Judges Andrew Chan Hing-wai and Alex Lee Wan-tang asked if the defense’s written request for Au Nok-hin’s sentence to be reduced by half would propose more than half in court. At this point, Au Nok-hin made a cross gesture with his hands, indicating no further reduction was necessary. Judge Lee cited a case stating that only a “supergrass” who testifies in court could receive a reduction close to two-thirds, or 66%. After discussion, Valerie Chan Mo-yin confirmed that Au would not be considered a “supergrass,” and under Article 33 of the National Security Law and common law principles, suggested a reduction of 50% to 60% for Au (see table).

The “quality of evidence” provided by Au Nok-hin was briefly discussed in court. Judge Chan mentioned a drug case where a defendant provided information to the police which ultimately proved useless. Judge Lee believed that the evidence showed Au Nok-hin did not reach the “supergrass” level, but his testimony was “useful” and helped substantiate the charges, stating, “Without his testimony, the prosecution couldn’t even have filed the case.” Additionally, ValerieChan Mok-yin claimed that Ben Chung Kam-lun provided all feasible assistance to the prosecution, also requesting a reduction of half.
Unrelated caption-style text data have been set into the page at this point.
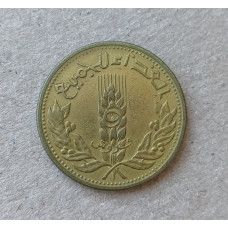 Сирия 5 Пиастров 1971 год , ФАО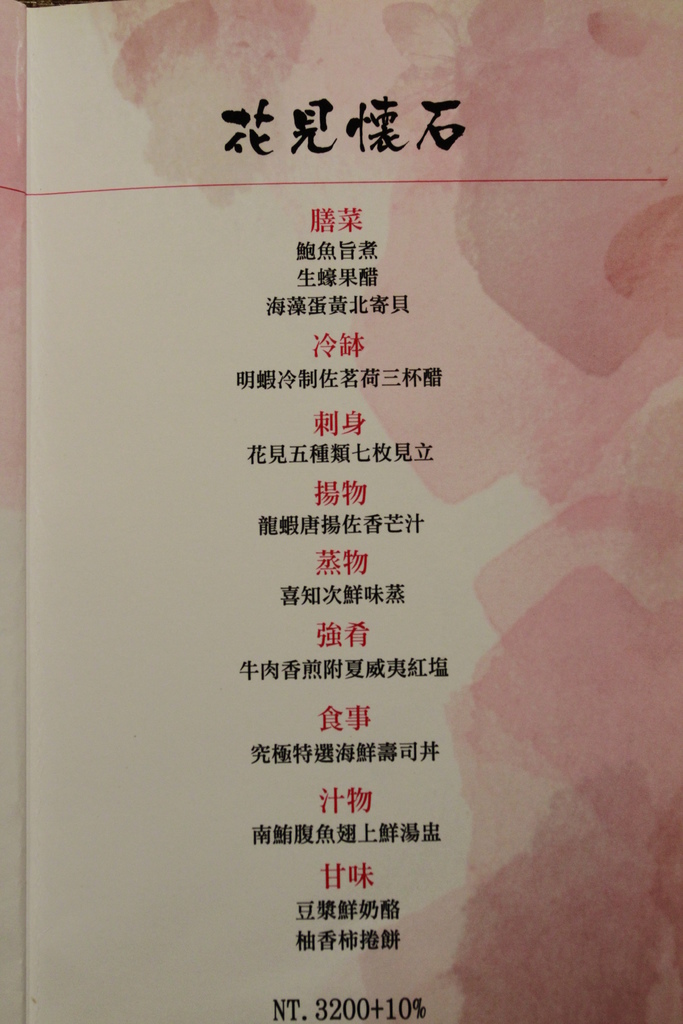 _MG_6065.JPG _MG_6065.JPG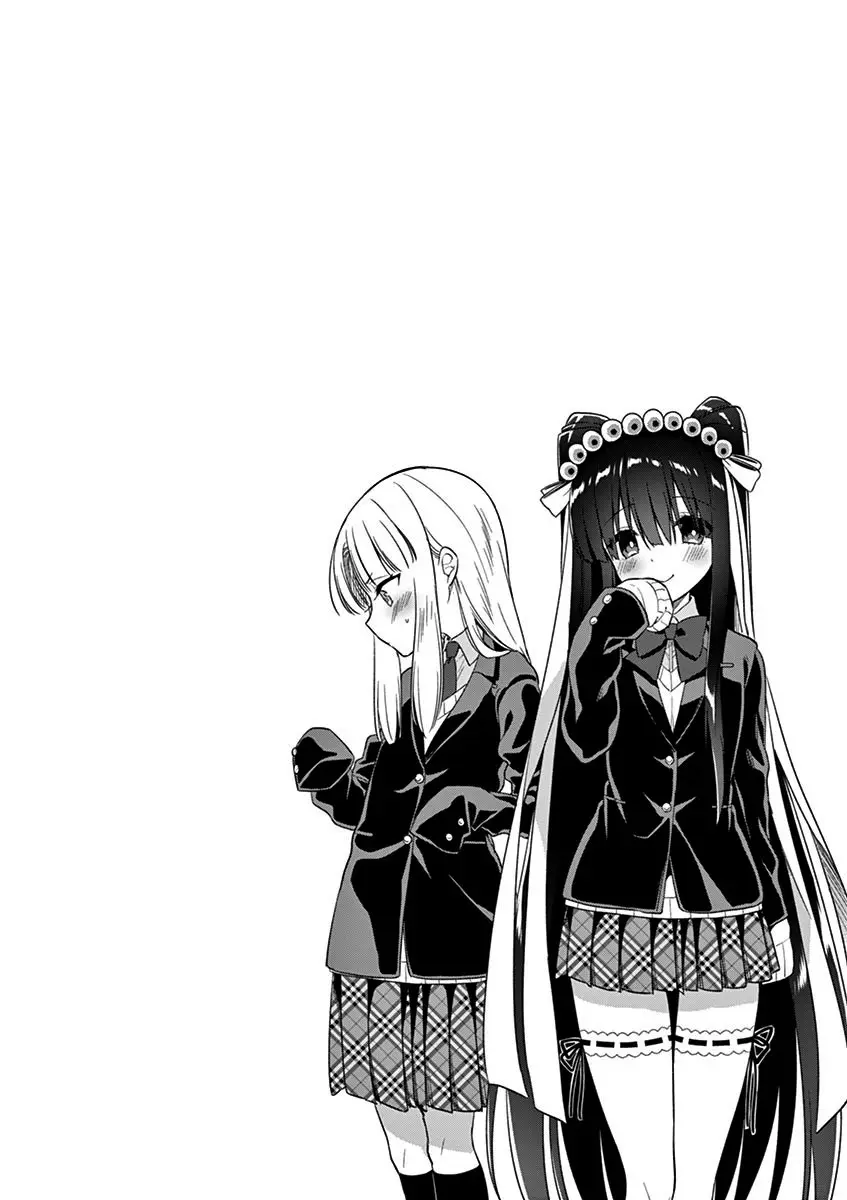 Onee-chan wa Koiyoukai (2018) - Capítulo 8 - Página 3 - LectorTMOo
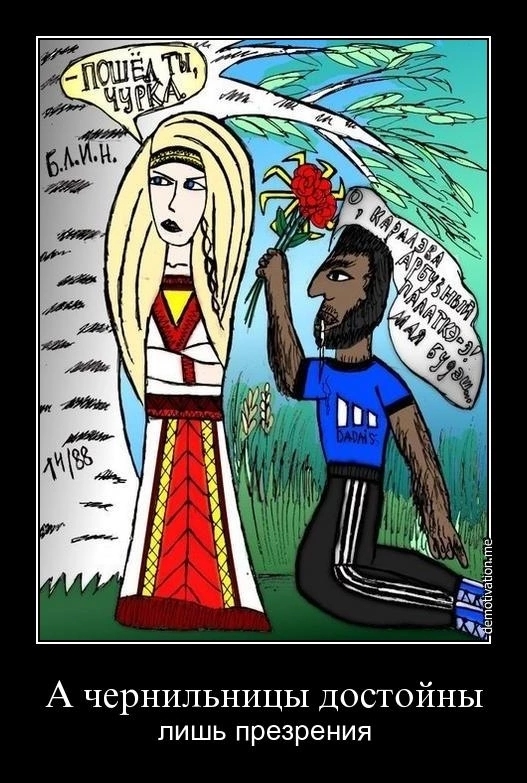 Девушки чернильницы что это. Кто такие чернильницы на сленге. Девушки чернильницы что это. Типичные чернильницы. Девушки чернильницы что это.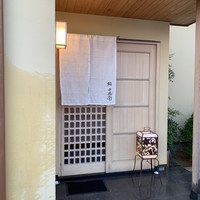 鮨 十兵衛 - 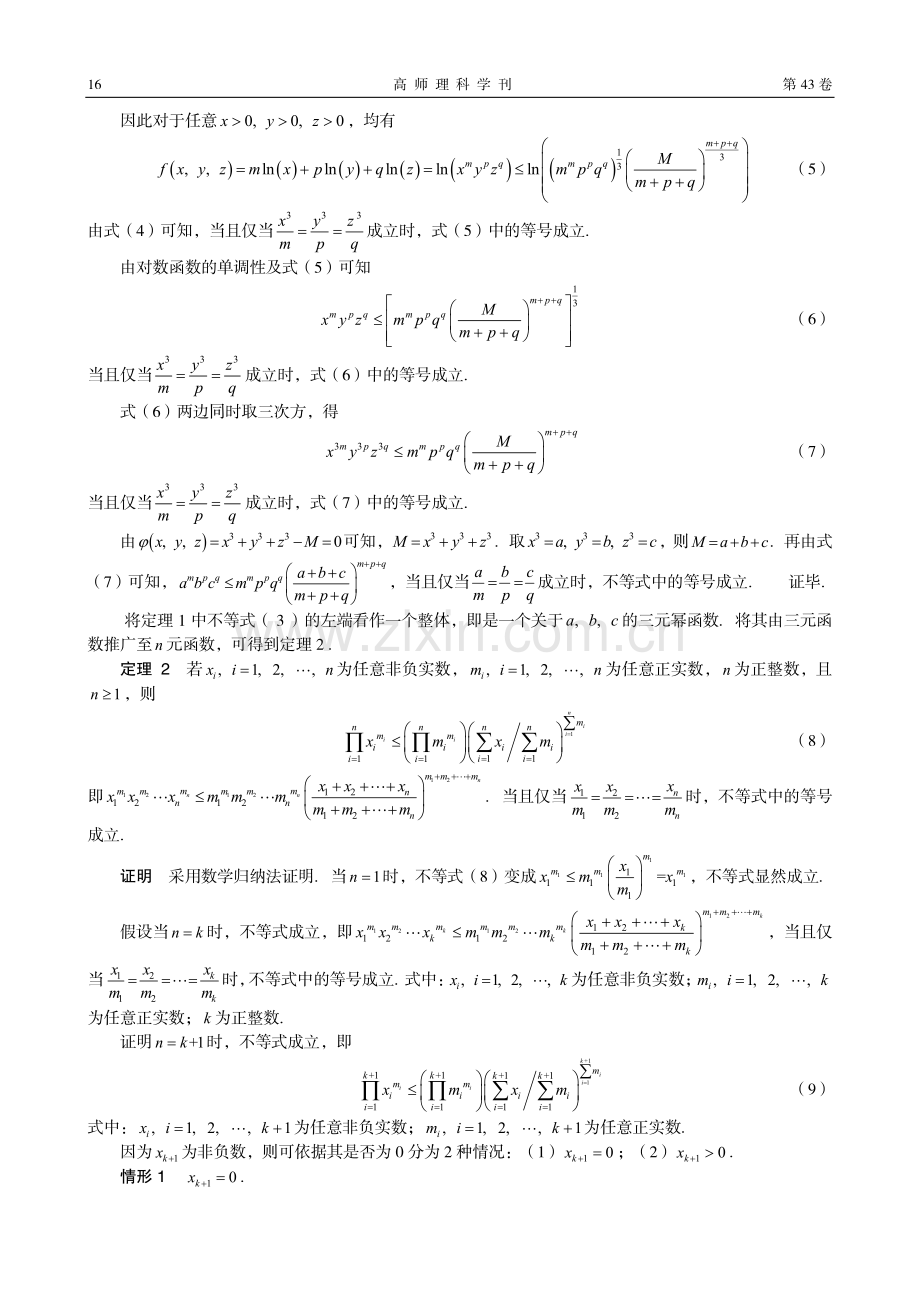一个幂函数不等式的推广.pdf_第3页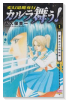 変幻退魔夜行 カルラ舞う！ 聖徳太子の呪術編（全3巻）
Andrew Chiu’s request for a 66% reduction was questioned by the court. Representing Chiu, barrister Summly Lee claimed that Chiu had earlier in written submissions requested a 66% reduction, saying Chiu “did his best” to provide information to law enforcement, meeting the “supergrass” level. Judge Lee questioned, noting that a “supergrass” is not only a prosecution witness but also bears personal safety risks, after which Summly Lee revised the recommendation to a reduction of 40% to 55%.
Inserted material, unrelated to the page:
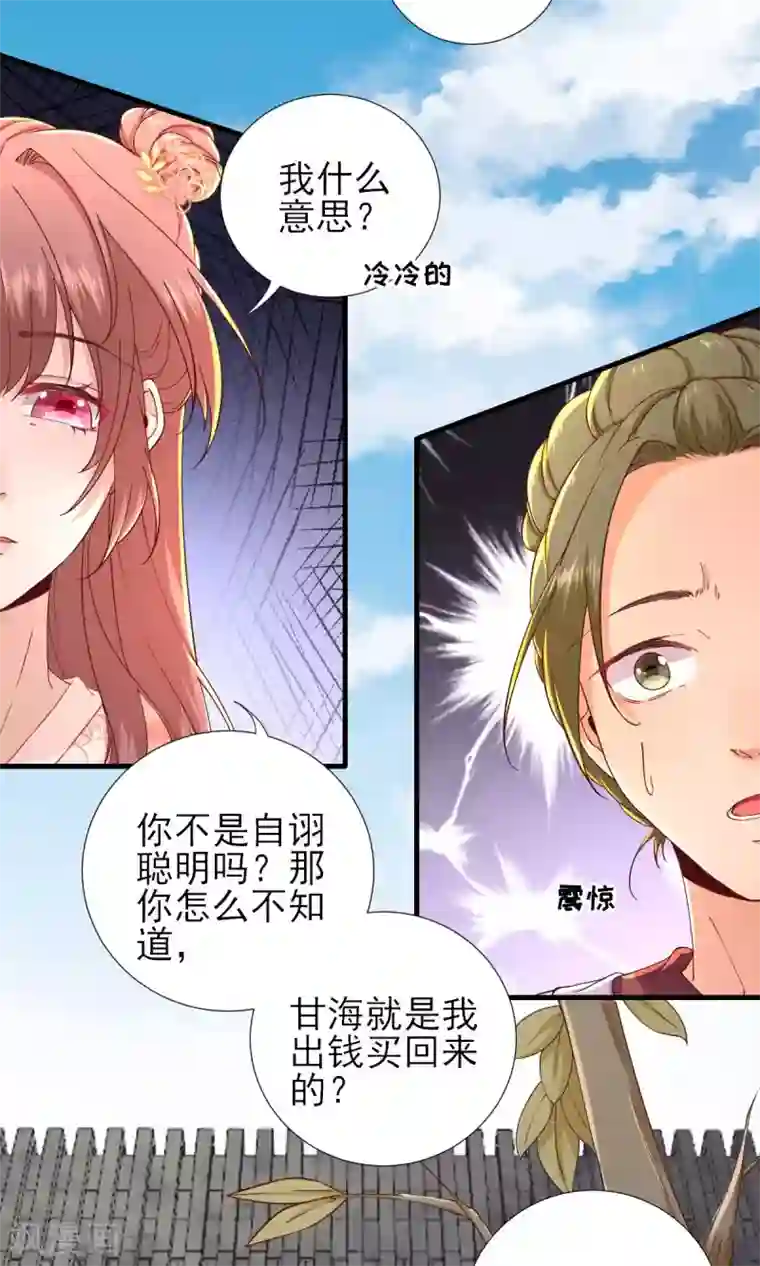 男神村长想撩我第60话 甘氏作祟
Summly Lee stated that as the then convenor of the Democratic Dynamics, Chiu was only invited to prepare for the primaries, and his involvement in the crime was brief, showing deep reflection. Judge Johnny Chan Jong-herng asked what the relevance was of the trauma report from Chiu’s injury during the November 2019 Taikoo Shing conflict to the sentencing. Summly Lee responded that Chiu, being a moderate democrat, had suffered both physical and psychological trauma.